(Saved entries)
>>>>>
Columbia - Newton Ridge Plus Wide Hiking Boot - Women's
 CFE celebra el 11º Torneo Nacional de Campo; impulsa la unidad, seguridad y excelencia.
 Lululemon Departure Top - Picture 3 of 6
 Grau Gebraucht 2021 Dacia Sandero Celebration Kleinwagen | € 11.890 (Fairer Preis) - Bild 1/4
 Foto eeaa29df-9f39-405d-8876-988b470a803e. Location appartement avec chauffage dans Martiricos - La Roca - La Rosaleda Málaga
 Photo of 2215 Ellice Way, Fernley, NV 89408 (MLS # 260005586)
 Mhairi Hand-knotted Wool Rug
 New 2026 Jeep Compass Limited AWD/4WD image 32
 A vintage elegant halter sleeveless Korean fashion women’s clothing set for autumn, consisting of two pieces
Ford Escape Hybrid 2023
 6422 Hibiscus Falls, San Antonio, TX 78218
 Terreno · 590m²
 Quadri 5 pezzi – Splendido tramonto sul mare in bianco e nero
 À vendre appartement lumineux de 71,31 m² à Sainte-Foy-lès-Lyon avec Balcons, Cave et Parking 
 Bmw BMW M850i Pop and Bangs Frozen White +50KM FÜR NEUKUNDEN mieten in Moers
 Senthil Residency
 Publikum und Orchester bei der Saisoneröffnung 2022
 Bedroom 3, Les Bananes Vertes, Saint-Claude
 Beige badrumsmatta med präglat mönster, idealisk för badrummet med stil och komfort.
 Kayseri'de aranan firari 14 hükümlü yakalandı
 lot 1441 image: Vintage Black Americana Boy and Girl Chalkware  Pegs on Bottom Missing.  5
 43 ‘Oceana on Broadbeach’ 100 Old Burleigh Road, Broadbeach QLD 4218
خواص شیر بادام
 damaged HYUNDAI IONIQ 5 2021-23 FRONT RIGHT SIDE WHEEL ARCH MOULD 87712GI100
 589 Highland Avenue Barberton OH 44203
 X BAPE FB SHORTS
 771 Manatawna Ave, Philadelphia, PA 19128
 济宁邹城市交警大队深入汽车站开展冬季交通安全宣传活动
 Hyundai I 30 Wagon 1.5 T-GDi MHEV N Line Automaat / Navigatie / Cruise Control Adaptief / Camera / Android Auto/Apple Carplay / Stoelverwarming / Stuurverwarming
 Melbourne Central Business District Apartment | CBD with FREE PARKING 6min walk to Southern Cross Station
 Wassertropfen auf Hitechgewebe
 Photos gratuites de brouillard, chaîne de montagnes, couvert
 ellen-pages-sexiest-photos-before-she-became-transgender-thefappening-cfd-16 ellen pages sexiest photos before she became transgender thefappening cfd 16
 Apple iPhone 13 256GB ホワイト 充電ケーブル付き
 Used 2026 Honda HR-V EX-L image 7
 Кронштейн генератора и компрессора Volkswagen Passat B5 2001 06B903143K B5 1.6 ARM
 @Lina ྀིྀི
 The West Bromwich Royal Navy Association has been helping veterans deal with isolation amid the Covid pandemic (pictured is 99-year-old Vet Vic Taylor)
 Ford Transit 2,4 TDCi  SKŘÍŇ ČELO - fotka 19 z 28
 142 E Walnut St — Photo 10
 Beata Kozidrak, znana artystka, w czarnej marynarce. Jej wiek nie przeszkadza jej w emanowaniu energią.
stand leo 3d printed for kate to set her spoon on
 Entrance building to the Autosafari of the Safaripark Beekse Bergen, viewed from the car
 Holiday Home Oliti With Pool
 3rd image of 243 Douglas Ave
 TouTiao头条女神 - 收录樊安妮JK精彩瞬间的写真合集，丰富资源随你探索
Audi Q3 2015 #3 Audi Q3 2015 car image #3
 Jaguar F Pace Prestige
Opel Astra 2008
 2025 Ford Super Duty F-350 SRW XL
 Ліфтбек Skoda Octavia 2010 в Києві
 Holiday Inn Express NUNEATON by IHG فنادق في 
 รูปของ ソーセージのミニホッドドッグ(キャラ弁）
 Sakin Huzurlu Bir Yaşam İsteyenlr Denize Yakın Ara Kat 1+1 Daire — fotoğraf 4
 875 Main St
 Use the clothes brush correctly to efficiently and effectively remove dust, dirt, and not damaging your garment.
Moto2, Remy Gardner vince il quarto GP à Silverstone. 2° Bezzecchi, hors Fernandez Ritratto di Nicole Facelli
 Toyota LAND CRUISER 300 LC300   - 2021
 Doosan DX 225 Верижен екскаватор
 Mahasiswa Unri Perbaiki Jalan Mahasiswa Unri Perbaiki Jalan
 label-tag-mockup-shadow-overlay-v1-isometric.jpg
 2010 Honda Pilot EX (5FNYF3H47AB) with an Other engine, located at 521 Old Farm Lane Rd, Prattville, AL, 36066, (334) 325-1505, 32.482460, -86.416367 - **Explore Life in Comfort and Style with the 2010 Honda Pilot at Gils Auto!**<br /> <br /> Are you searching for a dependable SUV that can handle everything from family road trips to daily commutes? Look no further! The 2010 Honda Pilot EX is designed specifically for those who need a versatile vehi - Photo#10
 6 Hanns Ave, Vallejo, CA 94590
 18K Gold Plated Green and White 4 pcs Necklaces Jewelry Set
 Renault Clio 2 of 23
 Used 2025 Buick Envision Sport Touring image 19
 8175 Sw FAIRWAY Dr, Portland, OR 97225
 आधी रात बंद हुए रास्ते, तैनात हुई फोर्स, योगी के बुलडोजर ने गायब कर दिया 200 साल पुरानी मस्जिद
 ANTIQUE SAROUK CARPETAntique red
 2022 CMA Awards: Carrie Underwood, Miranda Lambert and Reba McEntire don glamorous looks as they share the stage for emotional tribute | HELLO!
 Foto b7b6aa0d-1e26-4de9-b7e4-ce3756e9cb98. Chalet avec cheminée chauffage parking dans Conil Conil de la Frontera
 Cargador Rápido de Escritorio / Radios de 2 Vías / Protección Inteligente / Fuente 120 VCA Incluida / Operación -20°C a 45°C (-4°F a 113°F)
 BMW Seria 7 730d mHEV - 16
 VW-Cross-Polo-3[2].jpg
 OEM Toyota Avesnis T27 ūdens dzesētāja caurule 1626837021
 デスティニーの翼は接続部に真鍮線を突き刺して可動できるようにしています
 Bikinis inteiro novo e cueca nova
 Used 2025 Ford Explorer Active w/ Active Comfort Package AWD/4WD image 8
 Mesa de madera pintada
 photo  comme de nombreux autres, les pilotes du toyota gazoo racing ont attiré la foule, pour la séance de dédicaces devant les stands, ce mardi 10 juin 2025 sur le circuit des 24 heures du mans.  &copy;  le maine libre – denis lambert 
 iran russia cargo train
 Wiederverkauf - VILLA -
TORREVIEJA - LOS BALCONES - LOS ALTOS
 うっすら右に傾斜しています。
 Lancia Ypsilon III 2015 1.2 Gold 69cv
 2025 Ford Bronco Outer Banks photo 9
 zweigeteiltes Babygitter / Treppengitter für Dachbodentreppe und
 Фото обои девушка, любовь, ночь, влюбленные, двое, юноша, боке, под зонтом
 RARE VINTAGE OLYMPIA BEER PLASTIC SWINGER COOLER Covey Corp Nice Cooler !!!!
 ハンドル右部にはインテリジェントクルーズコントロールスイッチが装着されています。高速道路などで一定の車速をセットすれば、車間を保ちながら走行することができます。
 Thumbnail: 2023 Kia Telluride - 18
<<<<<
**Exercise objective**. Please give an exact copy of the entries above, from the line with "Publikum und Orchester" down to the line with "Melbourne Central Business", inclusive, and nothing else.

**Exercise answer**.
 Publikum und Orchester bei der Saisoneröffnung 2022
 Bedroom 3, Les Bananes Vertes, Saint-Claude
 Beige badrumsmatta med präglat mönster, idealisk för badrummet med stil och komfort.
 Kayseri'de aranan firari 14 hükümlü yakalandı
 lot 1441 image: Vintage Black Americana Boy and Girl Chalkware  Pegs on Bottom Missing.  5
 43 ‘Oceana on Broadbeach’ 100 Old Burleigh Road, Broadbeach QLD 4218
خواص شیر بادام
 damaged HYUNDAI IONIQ 5 2021-23 FRONT RIGHT SIDE WHEEL ARCH MOULD 87712GI100
 589 Highland Avenue Barberton OH 44203
 X BAPE FB SHORTS
 771 Manatawna Ave, Philadelphia, PA 19128
 济宁邹城市交警大队深入汽车站开展冬季交通安全宣传活动
 Hyundai I 30 Wagon 1.5 T-GDi MHEV N Line Automaat / Navigatie / Cruise Control Adaptief / Camera / Android Auto/Apple Carplay / Stoelverwarming / Stuurverwarming
 Melbourne Central Business District Apartment | CBD with FREE PARKING 6min walk to Southern Cross Station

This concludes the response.